19 year old man said found faults In third-party software used by a relatively small number of Tesla car owners. These system vulnerabilities allow hackers to remotely control certain vehicle functions. David Colombo, who introduces himself as a computer security expert, assured on Twitter on Tuesday that he will be able to open doors, open and close windows, start the engine, manage infotainment, deactivate Sentinel Mode, etc. Each was able to try and know the exact position of the Tesla. If someone is on board. He also claimed that he could turn on the audio or headlights, but was unable to drive.

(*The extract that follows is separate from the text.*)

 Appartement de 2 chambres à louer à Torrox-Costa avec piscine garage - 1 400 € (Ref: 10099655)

In an interview with Bloomberg, the young hacker provided screenshots and other documents related to his research, identifying the software maker, and detailing the vulnerabilities. He asked the outlet not to release them, as neither Tesla nor the third-party software maker has released a fix yet. David Colombo revealed that he was able to reach over 25 Teslas in at least 13 countries. He used Twitter when he could not get in touch with most of the landlords directly.

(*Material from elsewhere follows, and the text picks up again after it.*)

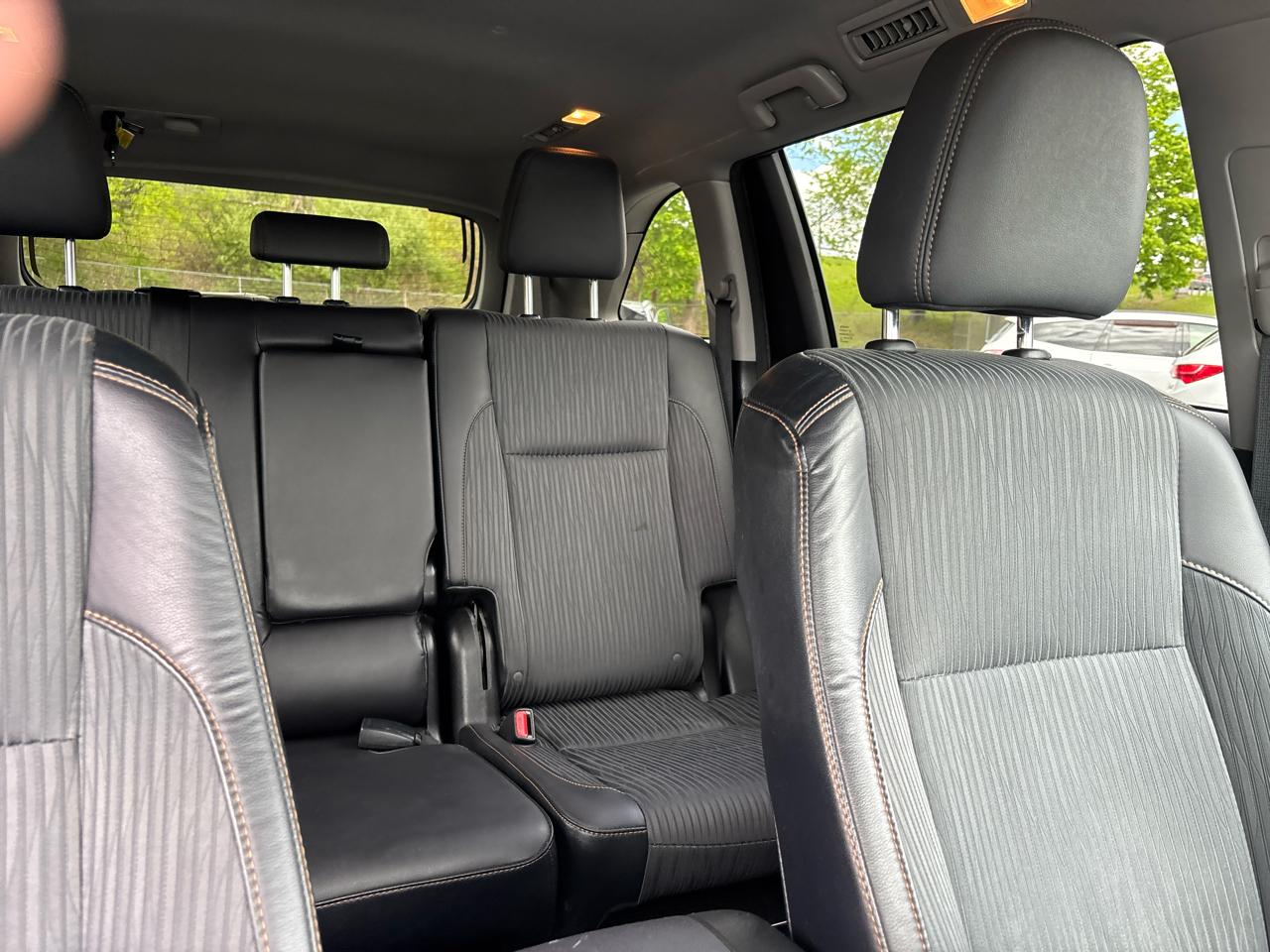 Toyota Highlander LE AWD V6 2016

David Colombo recalls IoT vulnerability
A priori, the fault would come from the path, unsecured, in which the software stores the sensitive information needed to connect the cars to the program, David Colombo explained. In the wrong hands, this data can be stolen and reused by hackers to send malicious commands to vehicles, he said. He showed Bloomberg screenshots of a private Twitter conversation where one of the affected owners gave him permission to operate the buzzer remotely. If it seems to have been described as harmless, the young man specifies that pushing the volume of the car radio to the limit may be dangerous, for example, the risk of surprising a driver on the highway.
David Colombo said he was in contact with members of Tesla’s security team, but also with the maker of third-party software. According to him, their discovery highlights some of the risks associated with IoT (Internet of Things, Internet of Things) and reminds us that the security of Internet-connected objects and data remains essential. Also a way for them to expose their cyber security company Colombo Tech.